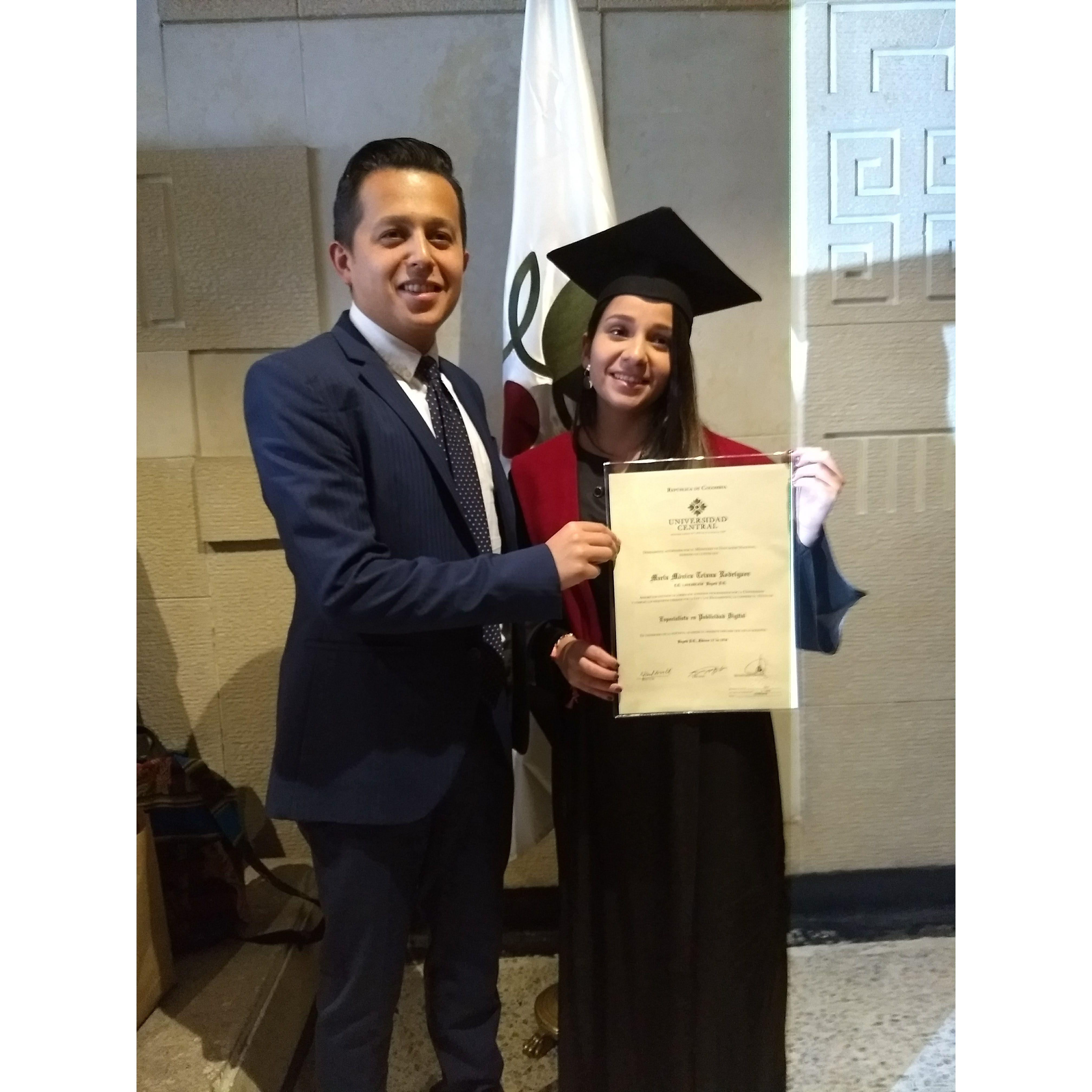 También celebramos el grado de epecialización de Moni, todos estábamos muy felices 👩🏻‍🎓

---

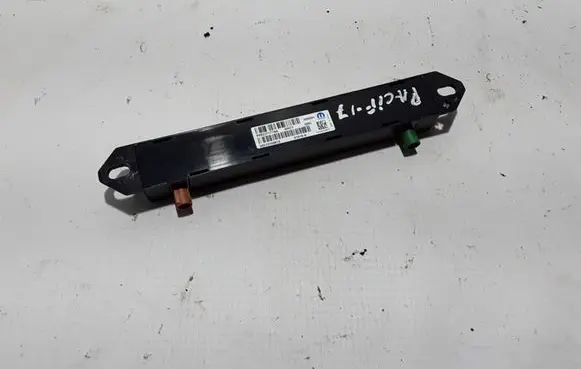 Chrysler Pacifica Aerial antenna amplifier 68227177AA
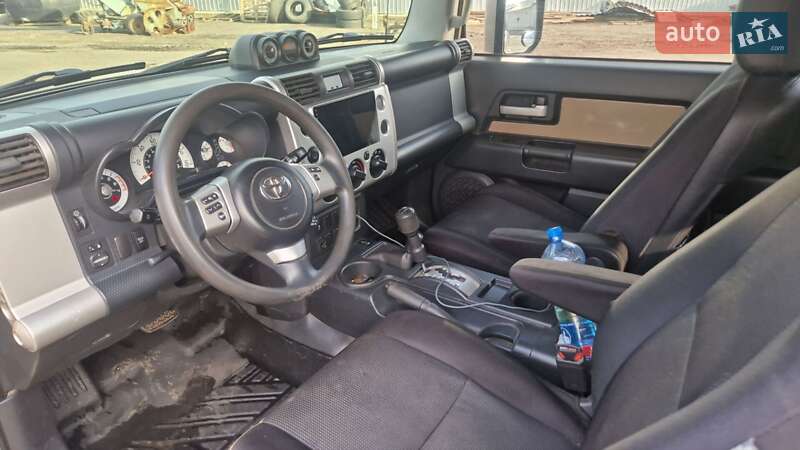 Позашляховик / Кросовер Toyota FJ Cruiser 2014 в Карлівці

---

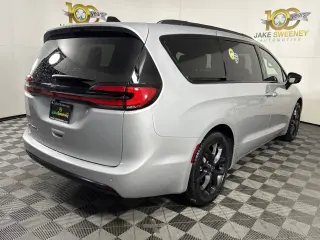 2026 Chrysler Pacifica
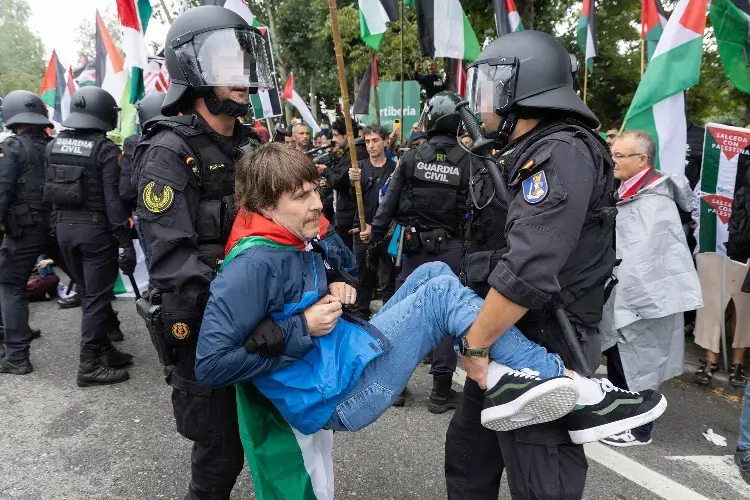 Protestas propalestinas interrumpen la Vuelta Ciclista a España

__AIM OF THE EXERCISE__. All pictures are to be skipped. Output, word for word, the lines in the data above starting at the line containing "2026 Chrysler Pacifica" and ending at the line containing "Protestas propalestinas interrumpen".

__EXPECTED ANSWER__.
 2026 Chrysler Pacifica
 Protestas propalestinas interrumpen la Vuelta Ciclista a España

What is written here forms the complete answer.